About this task
When you reach the line containing "Ben Stiller Photobombs" in the entries below, begin reproducing lines exactly, and stop once the line containing "15390 Pin Oak Drive — photo 34" is done.

Data under study
^^^^^^^^^^^^^^^^
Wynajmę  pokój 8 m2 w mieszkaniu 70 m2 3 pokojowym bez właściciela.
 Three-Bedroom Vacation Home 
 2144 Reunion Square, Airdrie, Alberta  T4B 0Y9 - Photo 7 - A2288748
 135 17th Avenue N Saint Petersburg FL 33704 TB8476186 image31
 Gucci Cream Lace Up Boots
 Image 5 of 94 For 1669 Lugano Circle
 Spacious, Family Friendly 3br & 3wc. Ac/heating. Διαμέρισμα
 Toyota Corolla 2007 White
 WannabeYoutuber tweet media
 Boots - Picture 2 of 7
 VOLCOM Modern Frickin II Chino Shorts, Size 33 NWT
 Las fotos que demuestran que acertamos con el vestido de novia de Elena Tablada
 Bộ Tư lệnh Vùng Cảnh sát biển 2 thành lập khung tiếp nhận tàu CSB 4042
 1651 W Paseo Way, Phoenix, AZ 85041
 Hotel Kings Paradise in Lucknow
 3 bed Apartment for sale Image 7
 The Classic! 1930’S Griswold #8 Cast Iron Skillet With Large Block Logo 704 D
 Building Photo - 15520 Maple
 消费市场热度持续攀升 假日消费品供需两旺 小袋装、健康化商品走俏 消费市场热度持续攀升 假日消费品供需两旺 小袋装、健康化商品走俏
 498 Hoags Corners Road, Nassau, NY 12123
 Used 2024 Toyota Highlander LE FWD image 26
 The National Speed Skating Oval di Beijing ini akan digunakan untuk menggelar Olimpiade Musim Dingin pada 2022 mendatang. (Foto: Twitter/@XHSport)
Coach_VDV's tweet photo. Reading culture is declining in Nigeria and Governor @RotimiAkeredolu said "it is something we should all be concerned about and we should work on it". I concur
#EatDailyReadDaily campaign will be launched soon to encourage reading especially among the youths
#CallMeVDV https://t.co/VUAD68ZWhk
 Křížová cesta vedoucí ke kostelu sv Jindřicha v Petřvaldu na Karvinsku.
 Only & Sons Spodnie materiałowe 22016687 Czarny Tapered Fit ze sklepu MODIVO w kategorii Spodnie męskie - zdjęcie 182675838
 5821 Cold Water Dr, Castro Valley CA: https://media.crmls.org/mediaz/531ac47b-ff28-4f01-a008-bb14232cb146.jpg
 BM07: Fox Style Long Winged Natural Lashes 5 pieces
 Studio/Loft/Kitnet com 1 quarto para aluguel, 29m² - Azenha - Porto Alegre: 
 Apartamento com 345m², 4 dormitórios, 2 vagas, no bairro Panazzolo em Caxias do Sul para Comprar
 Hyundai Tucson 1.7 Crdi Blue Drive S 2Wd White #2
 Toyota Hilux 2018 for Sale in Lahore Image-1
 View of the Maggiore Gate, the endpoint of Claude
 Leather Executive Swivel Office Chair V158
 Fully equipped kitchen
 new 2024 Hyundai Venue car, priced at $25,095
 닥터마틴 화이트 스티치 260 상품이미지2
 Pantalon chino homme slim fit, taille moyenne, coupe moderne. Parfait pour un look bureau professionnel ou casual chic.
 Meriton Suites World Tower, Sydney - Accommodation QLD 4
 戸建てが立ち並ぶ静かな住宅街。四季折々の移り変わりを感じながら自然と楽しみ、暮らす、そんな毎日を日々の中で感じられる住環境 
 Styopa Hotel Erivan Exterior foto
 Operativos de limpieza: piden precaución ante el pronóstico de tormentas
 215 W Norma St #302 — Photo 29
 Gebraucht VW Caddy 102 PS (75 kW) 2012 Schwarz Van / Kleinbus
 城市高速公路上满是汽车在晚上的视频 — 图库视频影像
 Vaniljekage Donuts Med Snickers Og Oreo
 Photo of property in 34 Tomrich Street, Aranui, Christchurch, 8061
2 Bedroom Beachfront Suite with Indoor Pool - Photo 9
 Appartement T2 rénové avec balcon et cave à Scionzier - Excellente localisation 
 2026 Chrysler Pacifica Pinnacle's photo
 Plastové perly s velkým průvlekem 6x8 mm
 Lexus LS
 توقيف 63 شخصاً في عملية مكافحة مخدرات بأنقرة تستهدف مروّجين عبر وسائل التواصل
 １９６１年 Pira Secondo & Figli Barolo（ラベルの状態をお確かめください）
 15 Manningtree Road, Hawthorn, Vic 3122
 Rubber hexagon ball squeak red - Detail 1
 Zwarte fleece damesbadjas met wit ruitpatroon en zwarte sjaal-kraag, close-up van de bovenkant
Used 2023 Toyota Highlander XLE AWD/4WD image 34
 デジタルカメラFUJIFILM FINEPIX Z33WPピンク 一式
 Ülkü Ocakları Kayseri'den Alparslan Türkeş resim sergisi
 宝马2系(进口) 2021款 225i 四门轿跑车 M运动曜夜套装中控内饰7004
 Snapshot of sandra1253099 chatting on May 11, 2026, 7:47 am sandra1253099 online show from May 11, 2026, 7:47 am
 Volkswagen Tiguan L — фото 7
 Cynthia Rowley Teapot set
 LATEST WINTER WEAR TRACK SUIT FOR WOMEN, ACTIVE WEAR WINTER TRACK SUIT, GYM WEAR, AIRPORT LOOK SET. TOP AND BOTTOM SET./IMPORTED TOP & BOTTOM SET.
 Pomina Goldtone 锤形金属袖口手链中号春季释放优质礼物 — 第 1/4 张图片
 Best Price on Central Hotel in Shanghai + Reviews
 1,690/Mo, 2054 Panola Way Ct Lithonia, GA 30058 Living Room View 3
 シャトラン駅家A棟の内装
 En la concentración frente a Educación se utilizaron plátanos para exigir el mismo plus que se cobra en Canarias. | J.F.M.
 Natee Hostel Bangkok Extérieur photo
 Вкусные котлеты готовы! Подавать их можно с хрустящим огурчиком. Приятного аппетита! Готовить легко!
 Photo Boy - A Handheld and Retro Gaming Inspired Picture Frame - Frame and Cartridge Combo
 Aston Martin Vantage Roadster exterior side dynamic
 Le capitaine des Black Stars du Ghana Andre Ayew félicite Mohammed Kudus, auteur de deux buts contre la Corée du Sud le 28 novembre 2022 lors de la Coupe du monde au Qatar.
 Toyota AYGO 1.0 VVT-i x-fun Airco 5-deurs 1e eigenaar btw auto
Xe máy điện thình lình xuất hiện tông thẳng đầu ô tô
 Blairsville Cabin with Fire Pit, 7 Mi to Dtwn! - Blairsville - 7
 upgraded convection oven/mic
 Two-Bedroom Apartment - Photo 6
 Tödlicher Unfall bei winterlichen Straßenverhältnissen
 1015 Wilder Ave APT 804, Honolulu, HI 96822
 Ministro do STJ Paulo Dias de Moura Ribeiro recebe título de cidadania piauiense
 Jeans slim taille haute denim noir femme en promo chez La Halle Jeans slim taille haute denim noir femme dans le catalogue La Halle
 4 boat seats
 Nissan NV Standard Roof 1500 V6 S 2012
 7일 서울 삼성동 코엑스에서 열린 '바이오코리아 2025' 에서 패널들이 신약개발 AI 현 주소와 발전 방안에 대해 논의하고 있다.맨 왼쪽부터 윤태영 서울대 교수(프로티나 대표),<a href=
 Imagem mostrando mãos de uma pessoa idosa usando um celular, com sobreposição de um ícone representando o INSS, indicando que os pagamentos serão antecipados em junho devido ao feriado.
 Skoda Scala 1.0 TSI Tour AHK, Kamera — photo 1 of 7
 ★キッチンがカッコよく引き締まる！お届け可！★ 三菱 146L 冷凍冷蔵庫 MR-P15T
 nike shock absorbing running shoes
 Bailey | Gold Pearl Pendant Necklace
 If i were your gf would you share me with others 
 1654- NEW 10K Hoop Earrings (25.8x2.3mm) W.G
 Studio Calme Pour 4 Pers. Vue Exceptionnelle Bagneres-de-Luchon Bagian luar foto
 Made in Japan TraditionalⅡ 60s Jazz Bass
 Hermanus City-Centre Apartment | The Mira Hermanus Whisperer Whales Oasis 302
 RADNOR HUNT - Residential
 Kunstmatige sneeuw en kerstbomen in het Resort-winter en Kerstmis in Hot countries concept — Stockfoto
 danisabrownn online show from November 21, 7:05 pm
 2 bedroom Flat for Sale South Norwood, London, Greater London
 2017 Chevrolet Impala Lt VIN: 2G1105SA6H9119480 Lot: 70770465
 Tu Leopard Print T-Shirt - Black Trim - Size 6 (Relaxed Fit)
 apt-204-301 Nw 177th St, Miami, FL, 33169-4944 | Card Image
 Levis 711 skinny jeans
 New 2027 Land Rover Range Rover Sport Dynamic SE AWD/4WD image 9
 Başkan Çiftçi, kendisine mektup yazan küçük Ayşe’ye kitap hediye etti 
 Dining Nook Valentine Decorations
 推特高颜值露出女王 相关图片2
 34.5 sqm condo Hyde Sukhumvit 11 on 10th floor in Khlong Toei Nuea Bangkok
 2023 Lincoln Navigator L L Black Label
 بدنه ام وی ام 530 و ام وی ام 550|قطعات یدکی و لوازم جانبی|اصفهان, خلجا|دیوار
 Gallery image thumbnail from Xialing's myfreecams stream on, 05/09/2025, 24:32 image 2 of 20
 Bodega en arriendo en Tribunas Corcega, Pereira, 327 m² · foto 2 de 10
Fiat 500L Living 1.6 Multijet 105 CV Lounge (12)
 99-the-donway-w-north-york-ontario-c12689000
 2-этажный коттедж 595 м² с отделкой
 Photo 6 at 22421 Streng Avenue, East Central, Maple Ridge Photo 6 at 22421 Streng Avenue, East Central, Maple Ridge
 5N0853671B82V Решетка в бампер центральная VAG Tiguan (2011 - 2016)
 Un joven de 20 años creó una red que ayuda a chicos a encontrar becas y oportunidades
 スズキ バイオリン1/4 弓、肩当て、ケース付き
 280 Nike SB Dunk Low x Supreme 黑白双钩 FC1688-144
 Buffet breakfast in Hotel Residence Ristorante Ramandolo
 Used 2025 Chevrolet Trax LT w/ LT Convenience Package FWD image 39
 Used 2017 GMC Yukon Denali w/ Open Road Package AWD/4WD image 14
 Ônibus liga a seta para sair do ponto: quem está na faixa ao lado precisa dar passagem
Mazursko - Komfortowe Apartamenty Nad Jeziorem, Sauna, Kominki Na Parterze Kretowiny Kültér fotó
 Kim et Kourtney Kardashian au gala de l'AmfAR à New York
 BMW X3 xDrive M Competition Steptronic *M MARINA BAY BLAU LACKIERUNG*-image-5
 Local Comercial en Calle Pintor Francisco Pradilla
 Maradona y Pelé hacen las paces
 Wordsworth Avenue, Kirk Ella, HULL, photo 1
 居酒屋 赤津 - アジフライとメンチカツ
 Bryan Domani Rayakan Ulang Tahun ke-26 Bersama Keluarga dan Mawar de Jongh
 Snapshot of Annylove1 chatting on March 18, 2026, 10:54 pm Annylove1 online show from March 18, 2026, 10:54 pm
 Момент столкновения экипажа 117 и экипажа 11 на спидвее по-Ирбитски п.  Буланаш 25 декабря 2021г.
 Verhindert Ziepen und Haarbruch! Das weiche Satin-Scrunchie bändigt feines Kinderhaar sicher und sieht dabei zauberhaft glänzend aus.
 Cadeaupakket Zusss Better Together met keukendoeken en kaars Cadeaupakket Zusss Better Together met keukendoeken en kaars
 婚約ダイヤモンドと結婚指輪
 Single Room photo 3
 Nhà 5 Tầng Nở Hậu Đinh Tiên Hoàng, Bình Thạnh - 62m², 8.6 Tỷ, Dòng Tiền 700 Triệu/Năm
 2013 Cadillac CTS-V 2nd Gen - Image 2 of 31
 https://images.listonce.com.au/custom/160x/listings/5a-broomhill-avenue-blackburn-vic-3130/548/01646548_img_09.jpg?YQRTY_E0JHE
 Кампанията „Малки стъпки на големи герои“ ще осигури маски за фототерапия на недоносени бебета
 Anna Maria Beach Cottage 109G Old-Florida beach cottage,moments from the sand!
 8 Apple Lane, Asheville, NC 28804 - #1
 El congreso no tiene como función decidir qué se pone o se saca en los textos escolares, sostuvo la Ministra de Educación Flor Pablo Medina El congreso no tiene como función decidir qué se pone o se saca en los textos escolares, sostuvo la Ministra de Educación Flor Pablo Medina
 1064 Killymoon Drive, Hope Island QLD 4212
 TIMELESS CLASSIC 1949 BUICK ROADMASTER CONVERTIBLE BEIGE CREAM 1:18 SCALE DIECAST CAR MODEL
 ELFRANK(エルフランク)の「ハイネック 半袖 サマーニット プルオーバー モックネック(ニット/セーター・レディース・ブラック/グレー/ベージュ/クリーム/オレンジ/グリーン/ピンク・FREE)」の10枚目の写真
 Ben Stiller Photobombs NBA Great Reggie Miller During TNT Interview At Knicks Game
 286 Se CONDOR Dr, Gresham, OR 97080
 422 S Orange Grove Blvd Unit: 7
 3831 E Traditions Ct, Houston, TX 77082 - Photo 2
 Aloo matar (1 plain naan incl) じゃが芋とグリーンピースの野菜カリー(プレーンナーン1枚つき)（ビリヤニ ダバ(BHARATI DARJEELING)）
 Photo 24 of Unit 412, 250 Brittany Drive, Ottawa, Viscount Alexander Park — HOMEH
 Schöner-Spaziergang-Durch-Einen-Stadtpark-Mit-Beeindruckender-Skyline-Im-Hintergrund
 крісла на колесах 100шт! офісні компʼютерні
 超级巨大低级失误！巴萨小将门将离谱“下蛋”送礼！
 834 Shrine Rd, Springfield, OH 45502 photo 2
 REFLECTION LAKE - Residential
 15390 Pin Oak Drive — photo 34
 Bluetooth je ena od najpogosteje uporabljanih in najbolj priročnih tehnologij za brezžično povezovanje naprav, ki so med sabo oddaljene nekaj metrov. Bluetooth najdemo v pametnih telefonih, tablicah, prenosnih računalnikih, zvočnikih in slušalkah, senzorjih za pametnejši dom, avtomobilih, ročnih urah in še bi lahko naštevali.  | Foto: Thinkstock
^^^^^^^^^^^^^^^^
Written solution
 Ben Stiller Photobombs NBA Great Reggie Miller During TNT Interview At Knicks Game
 286 Se CONDOR Dr, Gresham, OR 97080
 422 S Orange Grove Blvd Unit: 7
 3831 E Traditions Ct, Houston, TX 77082 - Photo 2
 Aloo matar (1 plain naan incl) じゃが芋とグリーンピースの野菜カリー(プレーンナーン1枚つき)（ビリヤニ ダバ(BHARATI DARJEELING)）
 Photo 24 of Unit 412, 250 Brittany Drive, Ottawa, Viscount Alexander Park — HOMEH
 Schöner-Spaziergang-Durch-Einen-Stadtpark-Mit-Beeindruckender-Skyline-Im-Hintergrund
 крісла на колесах 100шт! офісні компʼютерні
 超级巨大低级失误！巴萨小将门将离谱“下蛋”送礼！
 834 Shrine Rd, Springfield, OH 45502 photo 2
 REFLECTION LAKE - Residential
 15390 Pin Oak Drive — photo 34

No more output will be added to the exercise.